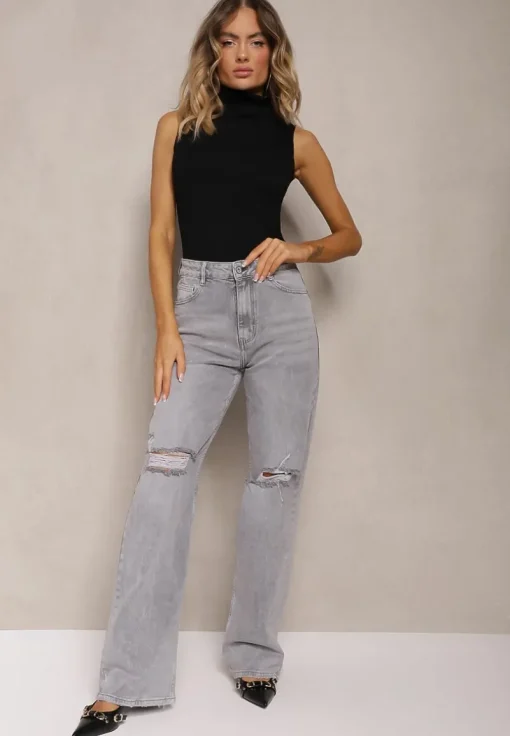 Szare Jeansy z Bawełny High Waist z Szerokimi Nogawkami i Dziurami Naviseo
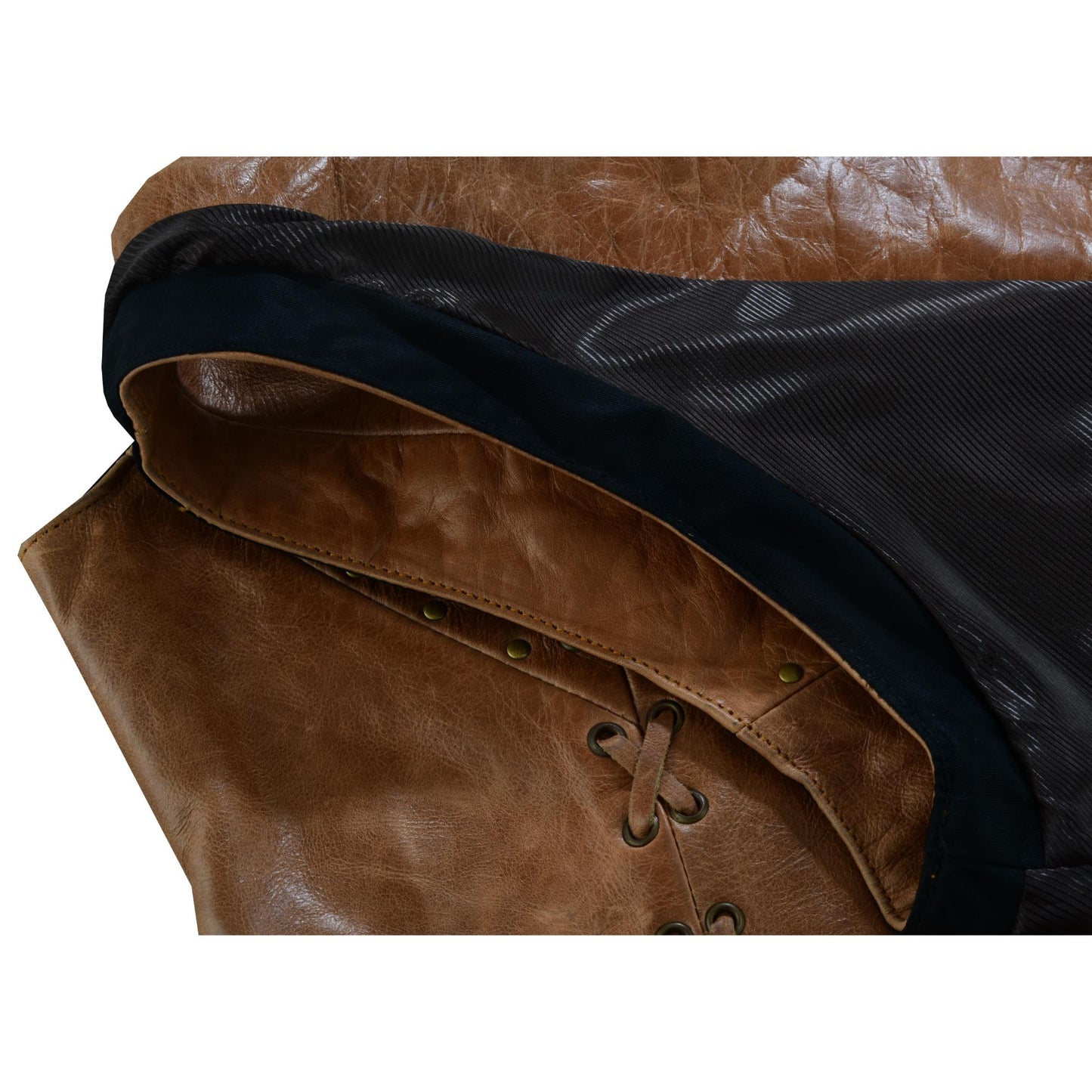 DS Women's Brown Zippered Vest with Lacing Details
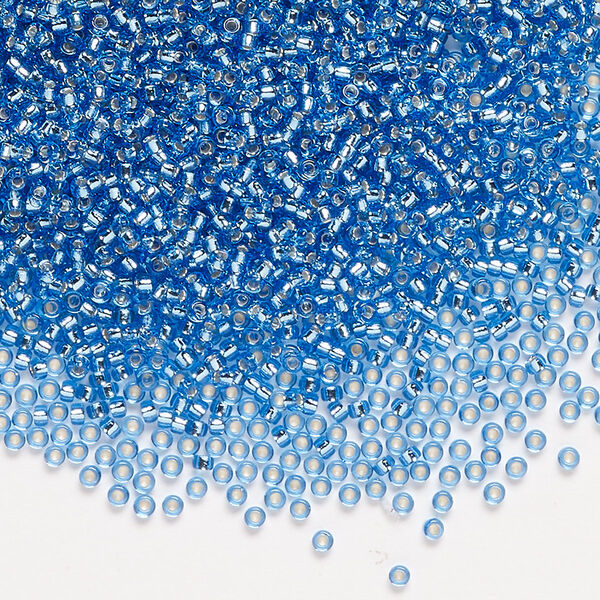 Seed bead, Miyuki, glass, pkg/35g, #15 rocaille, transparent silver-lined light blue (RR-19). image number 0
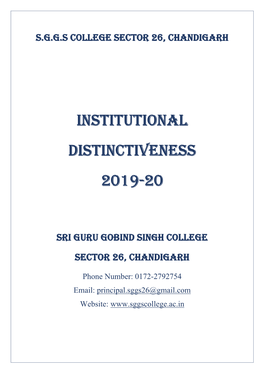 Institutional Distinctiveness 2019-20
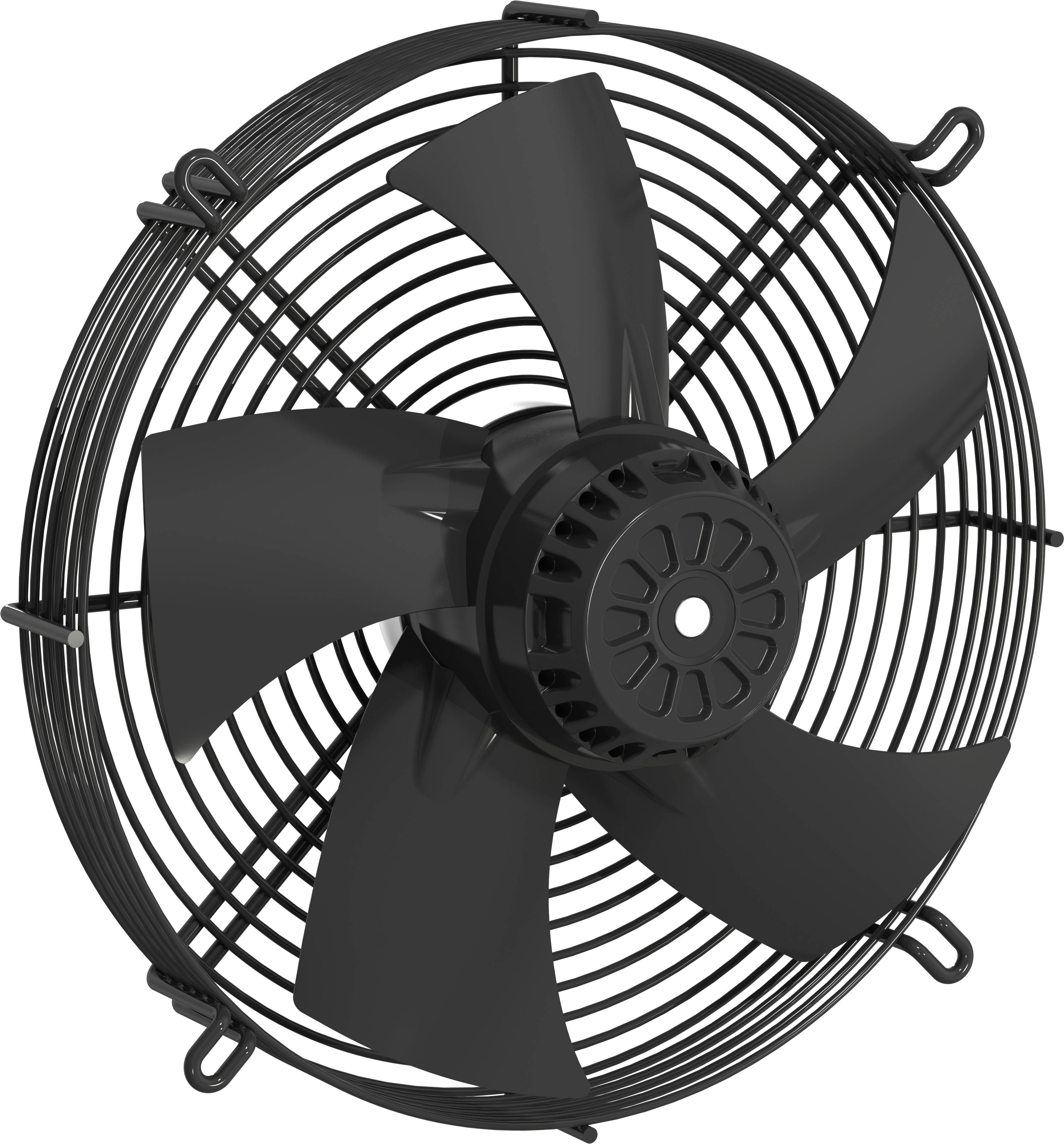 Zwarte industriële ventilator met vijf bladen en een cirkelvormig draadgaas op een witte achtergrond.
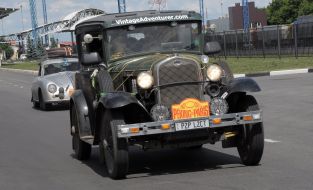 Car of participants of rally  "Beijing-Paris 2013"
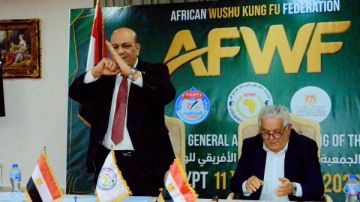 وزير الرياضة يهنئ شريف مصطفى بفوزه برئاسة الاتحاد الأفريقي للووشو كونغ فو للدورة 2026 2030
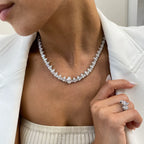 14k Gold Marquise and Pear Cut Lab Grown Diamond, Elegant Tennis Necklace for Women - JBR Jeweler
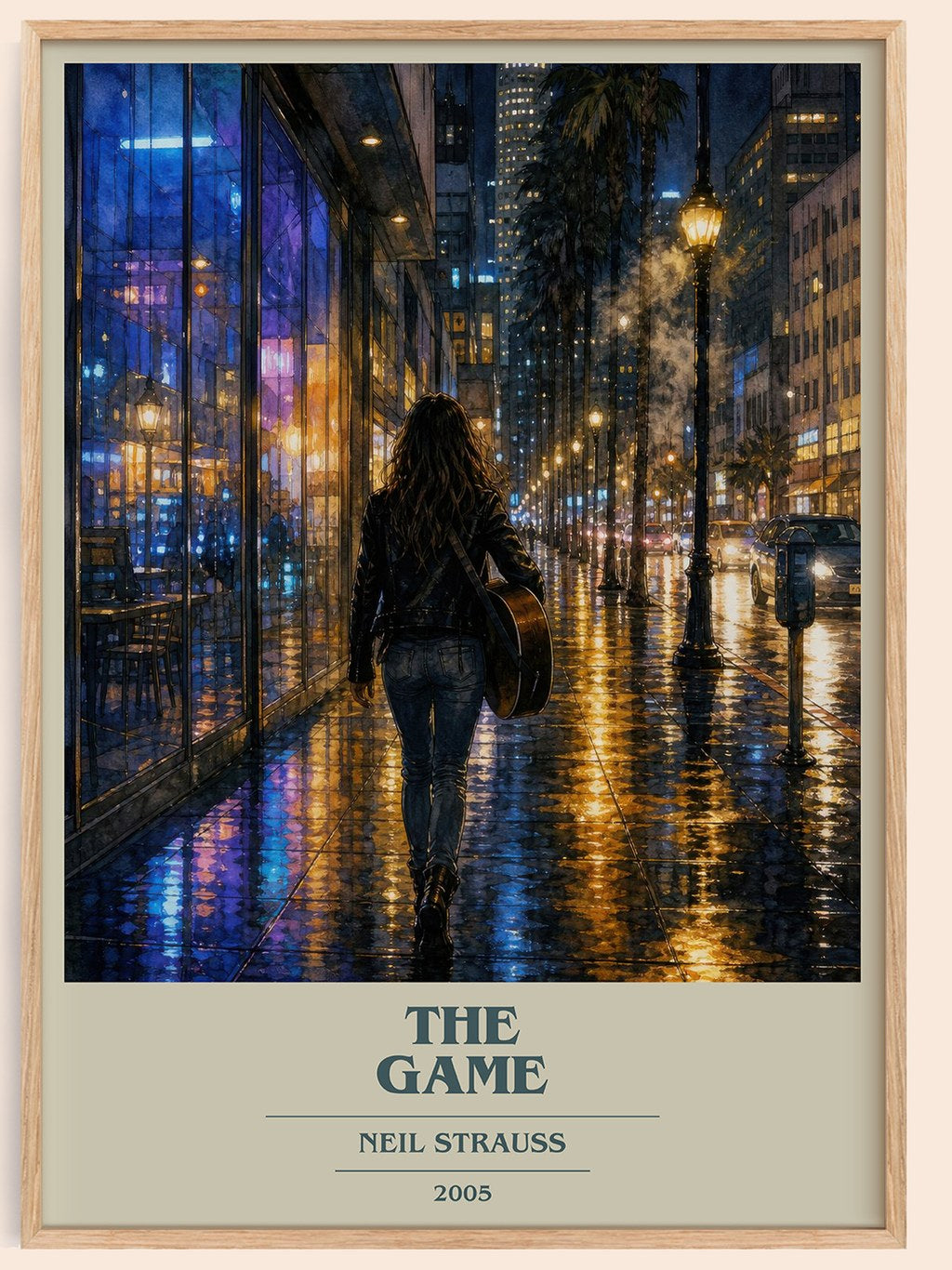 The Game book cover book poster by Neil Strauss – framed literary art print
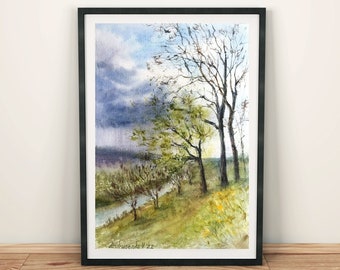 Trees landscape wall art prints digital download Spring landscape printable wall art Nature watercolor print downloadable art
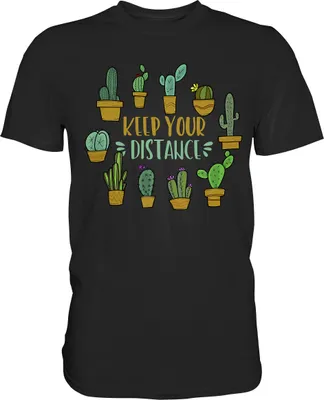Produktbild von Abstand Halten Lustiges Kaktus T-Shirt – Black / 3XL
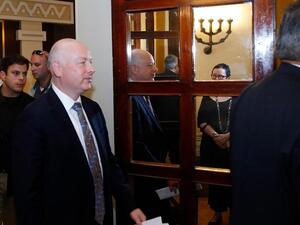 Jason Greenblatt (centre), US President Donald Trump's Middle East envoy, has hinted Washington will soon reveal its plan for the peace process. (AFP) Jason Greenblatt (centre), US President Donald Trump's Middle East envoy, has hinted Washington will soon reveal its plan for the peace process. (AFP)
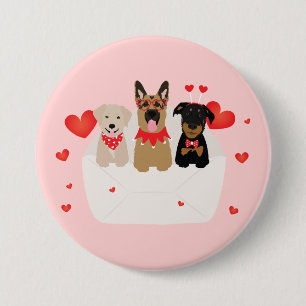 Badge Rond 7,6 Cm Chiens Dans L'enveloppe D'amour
══════
Your task is to quote exactly the lines from the one with "DS Women's Brown" through the end of the material, both included, without reproducing any pictures.

 DS Women's Brown Zippered Vest with Lacing Details
 Seed bead, Miyuki, glass, pkg/35g, #15 rocaille, transparent silver-lined light blue (RR-19). image number 0
 Institutional Distinctiveness 2019-20
 Zwarte industriële ventilator met vijf bladen en een cirkelvormig draadgaas op een witte achtergrond.
 Car of participants of rally  "Beijing-Paris 2013"
 وزير الرياضة يهنئ شريف مصطفى بفوزه برئاسة الاتحاد الأفريقي للووشو كونغ فو للدورة 2026 2030
 14k Gold Marquise and Pear Cut Lab Grown Diamond, Elegant Tennis Necklace for Women - JBR Jeweler
 The Game book cover book poster by Neil Strauss – framed literary art print
 Trees landscape wall art prints digital download Spring landscape printable wall art Nature watercolor print downloadable art
Produktbild von Abstand Halten Lustiges Kaktus T-Shirt – Black / 3XL
 Jason Greenblatt (centre), US President Donald Trump's Middle East envoy, has hinted Washington will soon reveal its plan for the peace process. (AFP) Jason Greenblatt (centre), US President Donald Trump's Middle East envoy, has hinted Washington will soon reveal its plan for the peace process. (AFP)
 Badge Rond 7,6 Cm Chiens Dans L'enveloppe D'amour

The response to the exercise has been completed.